The destabilization of tokens which have the sole purpose of maintaining a stable price has rattled regulators on either side of the Atlantic. Last week, U.S. Treasury Secretary Janet Yellen warned of the risks posed to financial stability if stablecoins are left to grow unfettered by regulation, and urged lawmakers to approve regulation of the sector by the end of 2022.
In Europe, Bank of France Governor Francois Villeroy de Galhau said the turmoil in crypto markets recently should be taken as a “wake-up call” for global regulators. Cryptocurrencies could disrupt the financial system if left unregulated, Villeroy said — particularly stablecoins, which he added were “somewhat misnamed.”
Meanwhile, European Central Bank Executive Board Member Fabio Panetta said stablecoins like tether are “vulnerable to runs,” referring to “bank runs” where clients flee a financial institution en masse. The European Union is planning to bring stablecoins under strict regulatory oversight with new rules known as the Markets in Crypto-assets Regulation, or MiCA for short.
Frances Coppola, an independent economist, explained it’s crypto exchanges — not retail investors — that are pulling billions of dollars out of Tether in wholesale transactions. To redeem tethers for dollars on Tether, clients must make a minimum withdrawal of $100,000, according to the company’s website.
“Its customers really are the exchanges,” Coppola said. “Then the exchanges sell tokens to traders, dabblers and small investors.”

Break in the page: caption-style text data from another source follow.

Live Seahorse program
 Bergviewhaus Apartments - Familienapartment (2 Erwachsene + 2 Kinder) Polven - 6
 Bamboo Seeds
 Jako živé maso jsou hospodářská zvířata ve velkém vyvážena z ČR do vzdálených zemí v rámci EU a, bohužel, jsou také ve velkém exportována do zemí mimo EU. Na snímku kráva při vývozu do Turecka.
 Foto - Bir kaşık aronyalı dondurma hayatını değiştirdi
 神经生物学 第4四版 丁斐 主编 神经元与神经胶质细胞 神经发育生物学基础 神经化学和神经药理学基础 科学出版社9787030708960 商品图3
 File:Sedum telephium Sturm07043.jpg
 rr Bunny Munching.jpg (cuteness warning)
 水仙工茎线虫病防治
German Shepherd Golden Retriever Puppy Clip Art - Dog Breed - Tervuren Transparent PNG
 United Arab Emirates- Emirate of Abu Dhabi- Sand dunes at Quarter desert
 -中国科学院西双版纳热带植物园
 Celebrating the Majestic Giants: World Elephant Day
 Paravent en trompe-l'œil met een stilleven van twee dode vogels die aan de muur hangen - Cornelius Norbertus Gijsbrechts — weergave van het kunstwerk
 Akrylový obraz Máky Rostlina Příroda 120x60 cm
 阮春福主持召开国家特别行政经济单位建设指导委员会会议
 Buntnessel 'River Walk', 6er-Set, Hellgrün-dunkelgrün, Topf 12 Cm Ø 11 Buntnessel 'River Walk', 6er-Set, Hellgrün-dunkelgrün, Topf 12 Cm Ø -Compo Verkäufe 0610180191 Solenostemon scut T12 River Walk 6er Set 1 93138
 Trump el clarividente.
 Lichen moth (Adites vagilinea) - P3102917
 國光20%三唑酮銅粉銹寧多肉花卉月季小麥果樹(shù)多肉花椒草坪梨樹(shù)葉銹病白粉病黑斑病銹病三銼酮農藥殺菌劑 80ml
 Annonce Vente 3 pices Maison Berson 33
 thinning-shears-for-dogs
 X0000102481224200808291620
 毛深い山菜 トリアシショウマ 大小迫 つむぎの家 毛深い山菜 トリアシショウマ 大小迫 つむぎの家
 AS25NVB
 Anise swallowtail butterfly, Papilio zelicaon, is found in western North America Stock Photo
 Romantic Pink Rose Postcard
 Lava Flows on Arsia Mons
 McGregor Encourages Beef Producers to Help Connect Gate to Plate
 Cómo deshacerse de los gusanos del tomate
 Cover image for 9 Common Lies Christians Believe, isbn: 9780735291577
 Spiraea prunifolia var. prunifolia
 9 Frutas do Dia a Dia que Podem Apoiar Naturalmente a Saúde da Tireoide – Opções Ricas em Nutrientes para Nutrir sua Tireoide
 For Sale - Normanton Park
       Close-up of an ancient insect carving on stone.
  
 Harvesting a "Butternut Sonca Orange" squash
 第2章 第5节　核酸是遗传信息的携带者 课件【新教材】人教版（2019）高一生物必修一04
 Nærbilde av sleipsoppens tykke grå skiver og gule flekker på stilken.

Tether is a crucial part of the crypto market, facilitating billions of dollars worth of trades every day. Investors often park their cash with the token in times of heightened volatility in cryptocurrencies.
Monsur Hussain, head of financial institutions research at Fitch Ratings, said Tether would have “few difficulties” in selling down its Treasury holdings.
Nevertheless, anxiety surrounding tether appears to have boosted demand for rival tokens like Circle’s USDC and Binance’s BUSD, whose respective market values have increased around 8% and 4% in the past week. Experts said that’s because these tokens are deemed “safer” than tether.
While not yet large enough to cause disruption in U.S. money markets, Tether could eventually reach a size where its owning of U.S. Treasurys becomes “really scary,” Carol Alexander, a professor of finance at Sussex University, said.
“Suppose you go down the line and, instead of $80 billion, we’ve got $200 billion, and most of that is in liquid U.S. government securities,” she said. “Then a crash in tether would have a substantial impact on U.S. money markets and would just tip the whole world into recession.”